ネットの社会にはブロガーと呼ばれる人たちがいて、新製品やサービス、観光名所などの情報発信を行なっています。

初期のころは素人が純粋に口コミをしていましたが、その波及効果の大きさに目を向けたメーカーがブロガーに「自社製品の情報発信(使用感や対応の良さ、面白さなど)」を依頼するようになりました。

さらにそれに目をつけったサイトの運営者・事業者が、メーカーとブロガーを利用し、広告収入や利益収入の一部を受け取るというビジネスモデルをつくりました。口コミというのも半数以上はそのような書き手が収入を得るために書いているものです。

三者三様の思惑が一致したことで、いまのネット社会が構築されています。このような状態を「口コミ産業」といいます。

嘘と宣伝で物を買わせたり、サービスに誘導させたりする仕組みなので、あまりいい社会とはいえませんが、いい面もたくさんあります。拡散を狙って、“少しでも良いモノを作って客に買ってもらおう”と努力するため、モノやサービスの改良スピード、進化のスピードが加速するという点です。

また口コミ産業の中では悪評も立ちます。悪評も好評も拡散スピードがハンパではない速度なので、ブロガーはメーカーのお目付役のような立場にもなっています。良くないものは、感じたままに良くないと言ってしまえる口コミの別の面での効果です。

口コミの的にならない医療用ウィッグは進化が遅い

さて上記のように考えてみたとき、機能や品質で「もっと進化して欲しいはずの医療用ウィッグ」は、口コミ産業という枠組みの中に入っているでしょうか。

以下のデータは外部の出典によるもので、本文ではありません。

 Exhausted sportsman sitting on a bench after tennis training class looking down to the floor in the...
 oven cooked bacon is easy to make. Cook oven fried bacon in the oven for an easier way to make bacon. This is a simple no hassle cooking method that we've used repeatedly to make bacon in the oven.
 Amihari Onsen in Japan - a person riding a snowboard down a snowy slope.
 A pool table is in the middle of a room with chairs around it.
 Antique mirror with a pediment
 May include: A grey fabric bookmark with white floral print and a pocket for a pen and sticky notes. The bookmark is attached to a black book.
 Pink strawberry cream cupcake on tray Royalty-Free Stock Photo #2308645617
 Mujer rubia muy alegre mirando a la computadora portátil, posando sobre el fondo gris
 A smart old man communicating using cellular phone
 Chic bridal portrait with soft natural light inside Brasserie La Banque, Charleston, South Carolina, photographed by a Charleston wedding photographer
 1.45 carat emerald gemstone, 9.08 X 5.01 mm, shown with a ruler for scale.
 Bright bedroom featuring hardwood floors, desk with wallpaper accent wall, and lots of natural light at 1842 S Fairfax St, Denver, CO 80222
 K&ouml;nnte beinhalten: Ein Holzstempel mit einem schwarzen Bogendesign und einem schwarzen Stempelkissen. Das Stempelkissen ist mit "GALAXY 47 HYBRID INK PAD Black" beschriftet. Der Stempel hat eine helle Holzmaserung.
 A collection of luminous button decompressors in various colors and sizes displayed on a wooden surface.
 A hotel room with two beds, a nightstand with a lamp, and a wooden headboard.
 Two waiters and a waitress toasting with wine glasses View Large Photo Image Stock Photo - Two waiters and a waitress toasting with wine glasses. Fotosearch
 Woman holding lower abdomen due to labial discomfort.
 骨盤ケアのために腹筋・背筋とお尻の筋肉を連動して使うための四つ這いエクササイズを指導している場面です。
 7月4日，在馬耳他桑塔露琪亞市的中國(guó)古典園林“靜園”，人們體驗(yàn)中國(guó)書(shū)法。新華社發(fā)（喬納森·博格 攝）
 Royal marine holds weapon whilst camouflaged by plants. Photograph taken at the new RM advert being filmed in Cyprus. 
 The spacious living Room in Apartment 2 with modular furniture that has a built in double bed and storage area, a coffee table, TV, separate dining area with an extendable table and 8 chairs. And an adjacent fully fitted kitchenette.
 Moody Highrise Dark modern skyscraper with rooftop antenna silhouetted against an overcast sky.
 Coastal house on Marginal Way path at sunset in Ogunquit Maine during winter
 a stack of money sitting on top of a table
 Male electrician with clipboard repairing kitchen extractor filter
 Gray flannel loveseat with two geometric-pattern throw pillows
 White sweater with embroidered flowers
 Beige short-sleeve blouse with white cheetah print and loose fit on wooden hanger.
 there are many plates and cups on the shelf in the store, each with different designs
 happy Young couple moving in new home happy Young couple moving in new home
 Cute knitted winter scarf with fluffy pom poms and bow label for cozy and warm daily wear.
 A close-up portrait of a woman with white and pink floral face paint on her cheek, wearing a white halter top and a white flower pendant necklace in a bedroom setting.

相手にされているのでしょうか?医療用ウィッグの利用者からの口コミ数があまりにも少ないため、正直なところ話題には上らず、ブロガーがわざわざ口コミして「この製品のほうがいいよ」などと、大きな流れをつくったり、口コミで評判という宣伝を拡散したりする対象にもなっていないのです。

そうだとしたら、医療用ウィッグの善し悪しが公の場に出てくる機会をなくしたまま、メーカーどうしの改善競争は起きてきません。

製品やサービスの進化が、他のジャンルのモノにくらべて、著しく遅れてしまう可能性があります。極端な言い方になりますが、“口コミ産業”の餌食にさえなっていない医療用ウィッグは、影の薄い、ダメな存在感しかないのです。

抗がん剤治療の予定がある人でさえ、いまだに医療用ウィッグがあることを知らない、一般のウィッグでも構わないと思っている女性が多いなども、口コミが少ないことによる弊害。医療用ウィッグは、ネットという公の場でもっと酷評にさらされ揉まれ、進化を早めるべきではないでしょうか。